Secure Environment: Data sets are matched in a highly secure environment, ensuring advertisers, publishers, and Anonym don’t access any user level data.
Anonym’s solution processes data from multiple parties in confidential computing environments. The anonymized outputs are used by ad platforms to create audiences and optimize ad campaigns.
How I read this: “we take all your non-anonymized data, analyze it, and spit out anonymized buckets; but we totally pinky swear to never ever look at the data, only our algorithm will”
Potentially probably worse than the oft-ridiculed Google Privacy Sandbox
Maybe it’s based on the (not good) Intel SGX or something, that’s what “confidential computing environments” sounds like to me. Hope I’m wrong about all this though.
My controversial take is that I would prefer Mozilla following Brave’s path and having a successful ad business, than them closing or becoming too reliant on Google search money.
As another commenter earlier pointed out, they wouldnt need to rely on Google’s money if they stopped paying their C-suite employees million-dollar salaries.

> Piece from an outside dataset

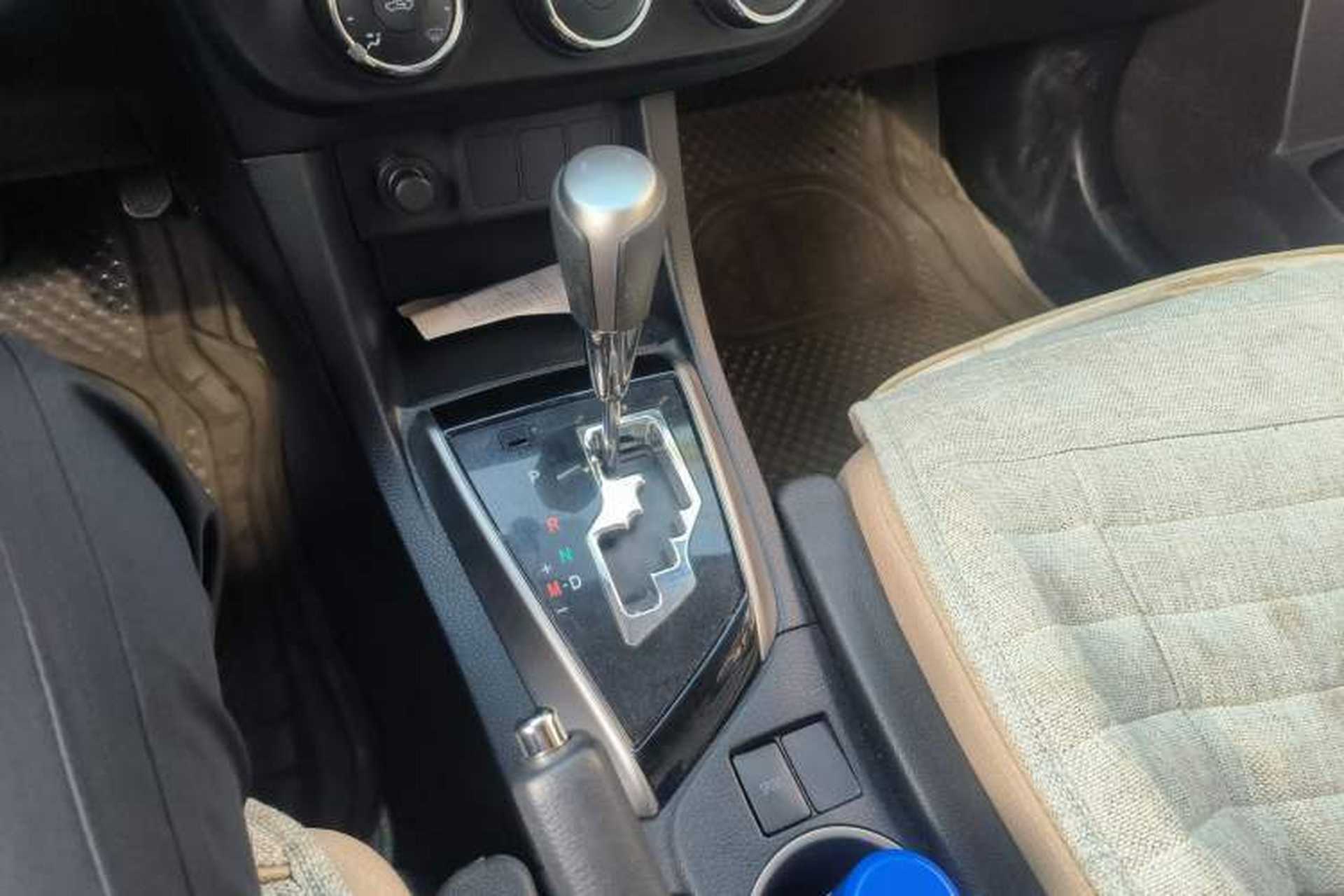 Used Toyota Levin 2016 1.6G CVT Elite Edition Gear Lever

I own a nonprofit and it’s insane to me how a nonprofit can give all that donated money to its employees instead of investing it back into building great products and services for the people who gave them the donations to begin with.
I stopped my donations to Mozilla and Gnome.

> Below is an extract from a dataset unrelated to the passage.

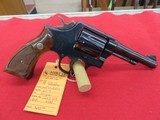 Smith & Wesson 10-7, 38 special - 1 of 2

Mozilla because I don´t want my hard earned money going into the pocket of a CEO who is almost not caring about the products I donate for.
And Gnome, because of their lack of transparency about the Copyright law suite.
All company CEOs are paid huge sums, so how will you find a good CEO to operate this huge organisation? Btw, Mozilla corporation and foundation are separate entities, so your donations do not go to the pocket of their CEO.
I do think that ads aren’t going away on the internet any time soon, so if Mozilla can make a better paradigm for them it would be good. At the same time, I am worried that this will hurt user privacy.
I think that ultimately, this is the outcome of the cutthroat internet business. Mozilla inc seems to be desperate to not be making massive losses (hence the litany of new products) [not to absolve them of responsibility if this new venture is harmful]. But in the current state of the internet and browser business, it seems that only amoral strategies have a chance at succeeding. I hope Mozilla doesn’t sacrifice their values in the search of profits.
There are plenty of CEOs or talented people who can lead companies that don’t need a multi-million dollar salary. I’d bet even if they started looking at the people already working for Mozilla, somebody is capable and willing.
Last time I checked, Mozilla Corporation is the parent company of Mozilla Foundation. It’s very naive to think that nonprofits and their parent corporations don’t co-mingle or borrow funding from one another. I’m not sure where you live, but living in such a capitalistic country like US, I see companies do this all the time. So yeah, the donations made to Mozilla do go to their CEOs in some way or another.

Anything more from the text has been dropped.